Most of us have a tendency to think about our networks only when it comes time for us to start looking for a new assignment. While this might be the necessary time to exercise a network, is it the optimum time to be exercising the network?

I personally have been through multiple business changes. My son thinks my biggest change probably occurred when the Chicxulub meteor struck and wiped out my first cretaceous network. That fact did not however dissuade him from asking for help with his physics home work last night.

Meteors notwithstanding, I have found that for me the best time to network is not when I am in a search mode but rather when other people are in a search mode. When others are in a search mode they are already reaching out. In any network there will be those that respond and those that for whatever reason (to busy, not interested, etc.) that will not. I have made it a policy to always respond. I have found that it not only puts me in touch with my own network, it puts me in touch with the networks of others.

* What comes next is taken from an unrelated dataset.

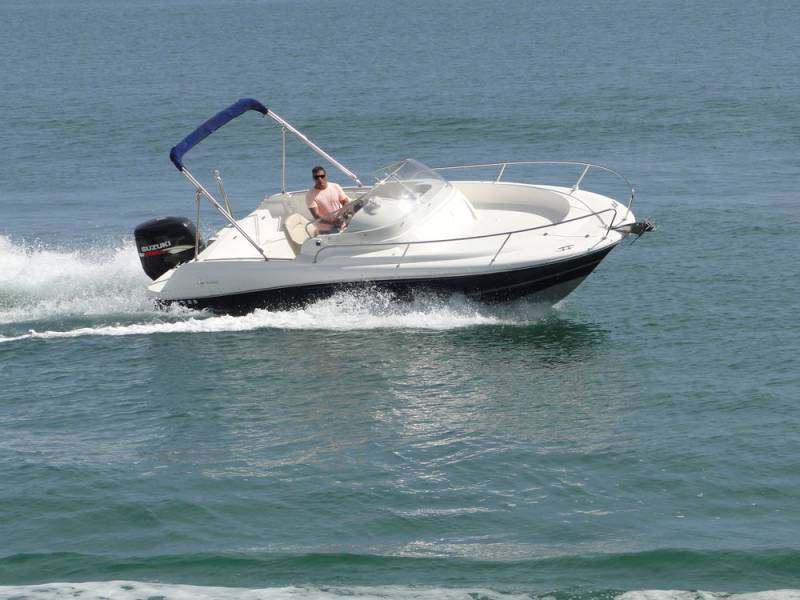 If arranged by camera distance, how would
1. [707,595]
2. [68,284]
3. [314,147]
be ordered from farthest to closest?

Networking is about creating links with others that may be two or three times (or more) removed from our own spheres of relationships. We already know who we know. It is by helping them that we get connected to the people that they know. By helping someone you not only confirm an existing relationship directly with that person, you establish a relationship with all the other people that person knows.

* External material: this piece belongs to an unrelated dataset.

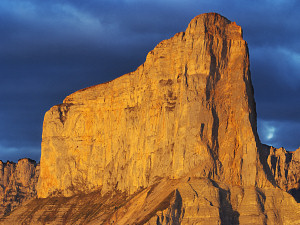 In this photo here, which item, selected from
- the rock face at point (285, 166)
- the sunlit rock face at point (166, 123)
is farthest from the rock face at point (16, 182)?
the rock face at point (285, 166)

My dad, who I seem to give an increasing amount of attributions to, used to tell me:

“Never miss an opportunity to put the universe in your debt.”

I think this is his spin on the older version of:

“What goes around comes around.”

The latter phrase has a decidedly negative connotation associated with revenge or retribution for a previous bad behavior done against someone, whereas the former phrase is more associated with doing the first good deed for someone in the expectation that future good deeds will be done for you. In other words the best networking can be done in a “pay it forward” sort of mode.

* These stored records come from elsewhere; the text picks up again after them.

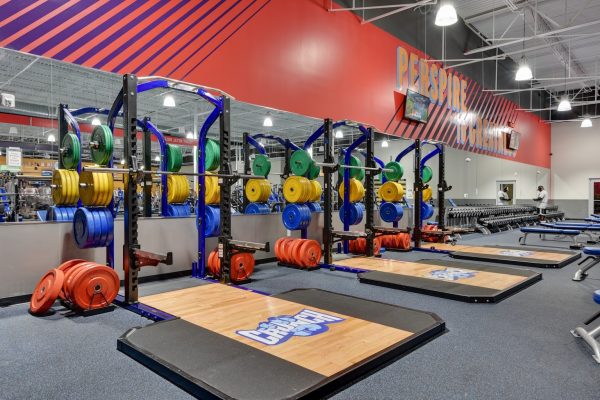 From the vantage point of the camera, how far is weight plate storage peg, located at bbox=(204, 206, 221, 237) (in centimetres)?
516

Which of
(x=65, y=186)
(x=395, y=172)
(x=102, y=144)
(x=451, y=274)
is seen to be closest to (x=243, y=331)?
(x=102, y=144)

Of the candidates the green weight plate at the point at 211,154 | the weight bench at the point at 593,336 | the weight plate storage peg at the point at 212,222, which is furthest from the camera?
the green weight plate at the point at 211,154

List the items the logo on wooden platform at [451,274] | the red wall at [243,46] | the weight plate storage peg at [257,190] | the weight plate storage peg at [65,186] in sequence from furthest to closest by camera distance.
Answer: the weight plate storage peg at [257,190] < the logo on wooden platform at [451,274] < the red wall at [243,46] < the weight plate storage peg at [65,186]

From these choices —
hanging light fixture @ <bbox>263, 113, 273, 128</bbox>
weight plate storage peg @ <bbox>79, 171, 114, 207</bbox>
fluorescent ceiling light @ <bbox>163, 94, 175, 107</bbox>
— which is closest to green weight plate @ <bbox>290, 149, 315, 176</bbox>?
hanging light fixture @ <bbox>263, 113, 273, 128</bbox>

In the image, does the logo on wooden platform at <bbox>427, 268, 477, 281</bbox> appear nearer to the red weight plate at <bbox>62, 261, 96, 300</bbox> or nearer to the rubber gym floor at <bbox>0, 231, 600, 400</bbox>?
the rubber gym floor at <bbox>0, 231, 600, 400</bbox>

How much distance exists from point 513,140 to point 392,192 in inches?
401

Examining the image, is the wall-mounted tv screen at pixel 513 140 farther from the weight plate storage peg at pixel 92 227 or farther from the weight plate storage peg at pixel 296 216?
the weight plate storage peg at pixel 92 227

Such is the essence of networking. Doing the first good deed is an excellent way to get and keep your network engaged. It gets to the point where the consideration of future good deeds coming back your way becomes secondary. I personally am not the best at asking for help, but I try to be pretty good at offering it. If you only network when you need something from your network, then that is the type of behavior that will quickly become associated with you.

The value of a network comes from being able to access it. The best way to access it is to be bringing something to it. Passing along position leads to others, or potential candidates for positions to recruiters, or just responding to general questions and requests for information rapidly generates a good receptivity when it is “your turn” to ask for help. Not everyone will reciprocate. That is human nature. But there will be many who feel and operate the way you do who will respond.

I have read several articles where successful business leaders have looked at themselves as the stewards of their business. Not surprisingly many of the leaders that I have had the opportunity to network with have looked at their networks the same way. They focus on the value that they bring to the system by enabling others to connect.

I guess it is appropriate to note that the network does not owe you a new position. You have to earn that. That is where the “what you know” part of the adage comes into play. You should not impose on your network to provide you with a new position, but rather look at it as connecting you with the opportunity to compete for a new position, as there will undoubtedly be others who are also in the market for something new.

Jerry Goldstein, the former CEO at Scott’s Liquid Gold is attributed as the author of the quote:

“Good fortune is when preparation meets opportunity.”

An active network, or better, a network that you are active in is one of the best ways to get connected to or “meet” an opportunity. It is obviously up to us to be prepared for such an event.

Put it on Paper

Here I go again, demonstrating to the world just exactly what sort of a business dinosaur I am. That’s ok. I don’t really mind. For those of you not exactly following what I am saying here, I would refer you to the title. I refer to paper. You know, that old technology, tactile foldable thing; paper. Most people don’t use paper anymore. If they want to take a note they usually type it into their omnipresent laptop or tablet, or if really pressed they will use their thumbs and try to tap it into their smart phone.

I remember attending a sales conference some time ago. For those of you who may not be familiar with sales conferences, these are events where the sales team goes to celebrate their previous year performance while also receiving their next year targets and objectives. I also understand that each day of the sales conference has a two drink minimum.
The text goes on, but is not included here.